FEM Indonesia, Jakarta – Himpunan Perawat Critical Care Indonesia (HIPERCCI) DKI Jakarta resmi melantik jajaran pengurus baru periode 2026–2031 dalam acara Pelantikan dan Rapat Kerja Wilayah (RAKERWIL) yang berlangsung di Auditorium RS YARSI, Minggu (10/5/2026).
Kegiatan berlangsung khidmat dan penuh semangat kebersamaan sebagai langkah awal kepengurusan baru dalam menjalankan roda organisasi selama lima tahun ke depan.
Prosesi pelantikan dipimpin langsung oleh Ketua HIPERCCI DKI Jakarta, Hendrik, SKp, dan disaksikan perwakilan HIPERCCI Pusat, Ns. Turiman, S.Kep., M.Kep., Sp.Kep.MB., FISQua. Sebanyak 30 pengurus resmi dilantik berdasarkan Surat Keputusan (SK) kepengurusan periode 2026–2031.

Momentum tersebut menjadi tonggak awal bagi HIPERCCI DKI Jakarta untuk memperkuat kontribusi organisasi terhadap peningkatan kualitas pelayanan kesehatan, khususnya di bidang keperawatan kritis dan intensif.
Dalam sambutan dan arahannya, Hendrik menegaskan pentingnya komitmen, sinergi, serta koordinasi antarpengurus agar organisasi mampu bergerak lebih progresif dan adaptif terhadap tantangan pelayanan kesehatan.
“Seluruh pengurus harus mampu bekerja secara aktif, profesional, dan saling mendukung dalam menjalankan program-program organisasi ke depan. Kunci utama dalam membangun HIPERCCI DKI Jakarta adalah semangat kolaborasi antar tim, baik internal maupun eksternal agar lebih maju, inovatif, dan bermanfaat bagi profesi perawat kritis dan intensif,” ujar Hendrik.

Usai pelantikan, agenda dilanjutkan dengan RAKERWIL yang turut dihadiri jajaran HIPERCCI Pusat. Dalam arahannya, Ns.
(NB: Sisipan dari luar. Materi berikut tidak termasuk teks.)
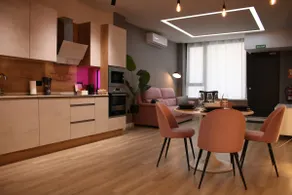 West Suite 2 - Image 3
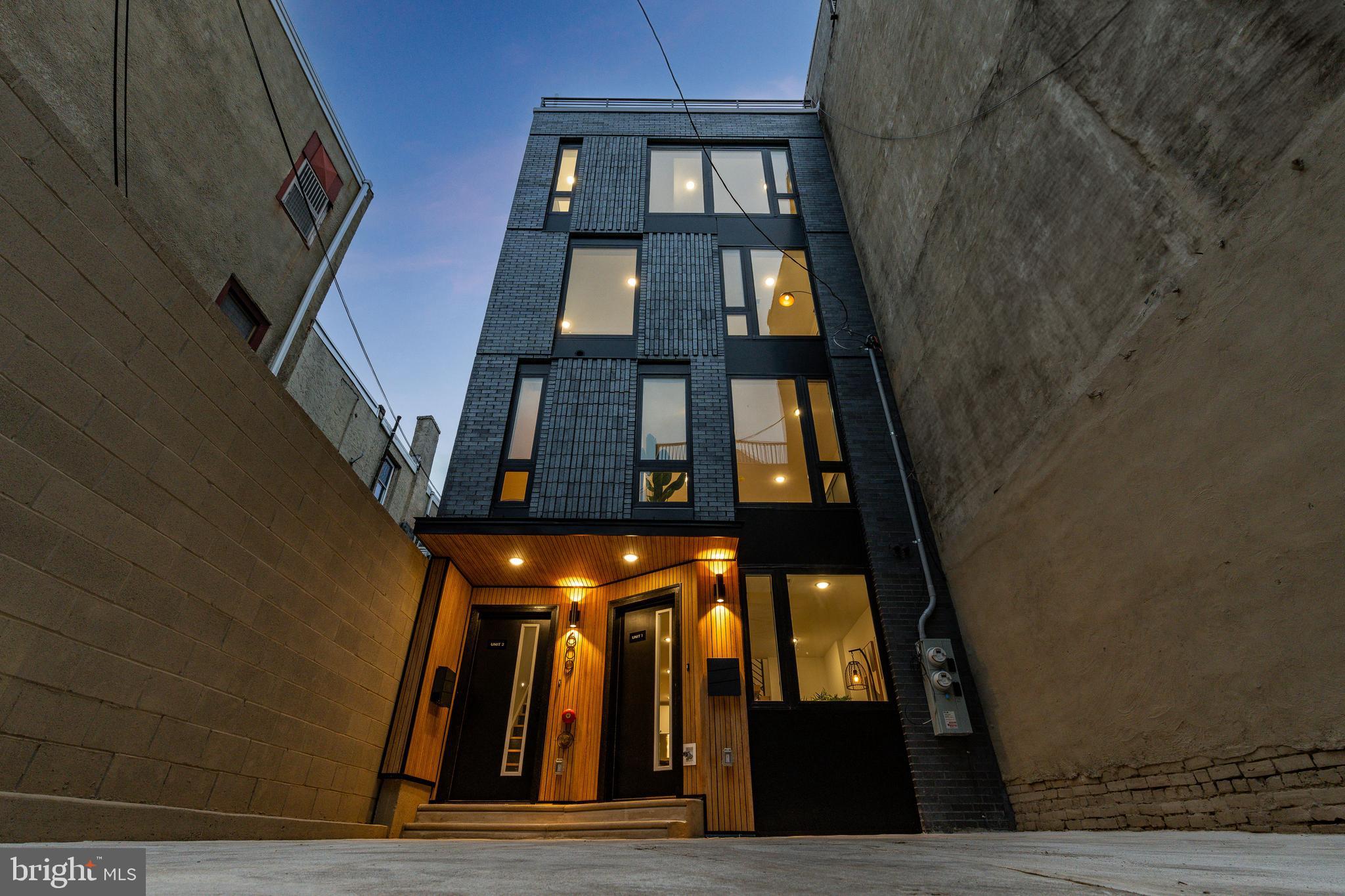 609 S Orianna St #2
Turiman menekankan pentingnya inovasi organisasi di tengah persaingan dunia pendidikan dan pelatihan kesehatan yang semakin dinamis.
Menurutnya, HIPERCCI harus mampu menghadirkan nilai tambah dan menjaga kualitas unggul, terutama dalam penyelenggaraan pelatihan keperawatan kritis dan intensif.
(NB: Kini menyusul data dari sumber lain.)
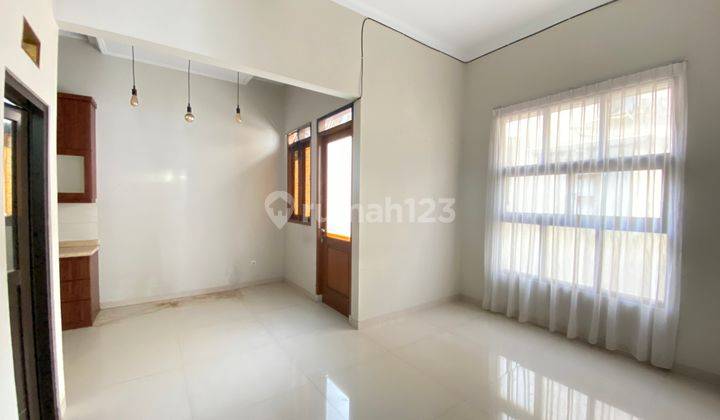 Sewa Rumah Mewah High Ceiling Di Jagakarsa Jakarta Selatan 8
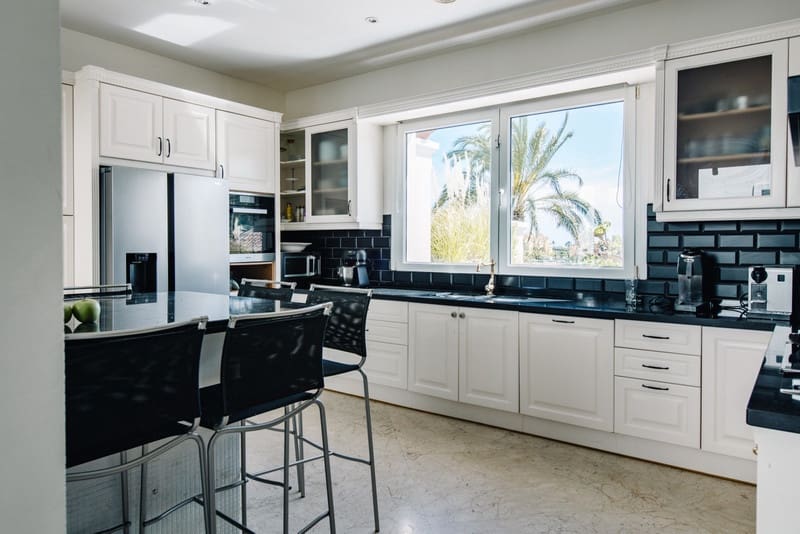 5 bedroom Villa for sale in Estepona with pool garage - € 1,495,000 (Ref: 8342997)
“Pengurus juga diharapkan bekerja berbasis manajemen kinerja yang terukur, fleksibel, dan berorientasi pada capaian target atau KPI yang telah ditetapkan,” ungkapnya. Lebih lanjut, Turiman menyebut HIPERCCI DKI Jakarta memiliki potensi besar untuk menjadi “center of gravity” atau pusat penggerak organisasi secara nasional.

Ia menilai posisi strategis Jakarta sebagai pusat ekonomi nasional dengan jumlah rumah sakit terbanyak di Indonesia menjadi peluang besar dalam pengembangan pendidikan, pelatihan, serta penguatan peran HIPERCCI di tingkat nasional.
“HIPERCCI DKI Jakarta harus mampu menjadi center of gravity bagi perkembangan organisasi secara nasional. Ini menjadi peluang besar untuk menjadi motor penggerak HIPERCCI di seluruh Indonesia,” katanya.
Rangkaian kegiatan RAKERWIL juga diisi dengan sidang komisi yang membahas pemaparan serta pengambilan keputusan program kerja dari masing-masing bidang kepengurusan untuk periode 2026–2031.
Setiap bidang mempresentasikan program strategis sebagai bentuk komitmen dalam mendukung pengembangan organisasi dan peningkatan kompetensi anggota.
Kegiatan ditutup dengan pengesahan hasil RAKERWIL, penyerahan keputusan sidang, serta sesi foto bersama sebagai simbol kekompakan dan semangat baru pengurus HIPERCCI DKI Jakarta dalam membangun organisasi yang lebih aktif, profesional, inovatif, dan berdaya guna bagi perkembangan keperawatan kritis di Indonesia.